Abu Sufyan berkata: Demi Allah, seandainya aku tidak takut dikenal sebagai pendusta, niscaya aku akan berdusta.
Lalu Heraklius berkata kepada juru terjemahnya: Tanyakan kepadanya bagaimana dengan keturunan lelaki itu di kalangan kamu sekalian?
Aku menjawab: Di kalangan kami, dia adalah seorang yang bernasab baik. Dia bertanya: Apakah ada di antara nenek-moyangnya yang menjadi raja?
Aku menjawab: Tidak.
Dia bertanya: Apa kamu sekalian menuduhnya sebagai pendusta sebelum dia mengakui apa yang dikatakannya?
Aku menjawab: Tidak.
Dia bertanya: Siapakah pengikutnya, orang-orang yang terhormatkah atau orang-orang yang lemah?

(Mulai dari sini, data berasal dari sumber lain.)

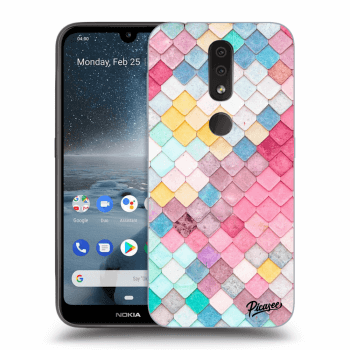 Obal pre Nokia 4.2 - Colorful roof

Aku menjawab: Para pengikutnya adalah orang-orang lemah.
Dia bertanya: Mereka semakin bertambah ataukah berkurang?
Aku menjawab: Bahkan mereka semakin bertambah.
Dia bertanya: Apakah ada seorang pengikutnya yang murtad dari agamanya setelah dia peluk karena rasa benci terhadapnya?
Aku menjawab: Tidak.
Dia bertanya: Apakah kamu sekalian memeranginya?
Aku menjawab: Ya.
Dia bertanya: Bagaimana peperangan kamu dengan orang itu?
Aku menjawab: Peperangan yang terjadi antara kami dengannya silih-berganti, terkadang dia mengalahkan kami dan terkadang kami mengalahkannya.
Dia bertanya: Apakah dia pernah berkhianat?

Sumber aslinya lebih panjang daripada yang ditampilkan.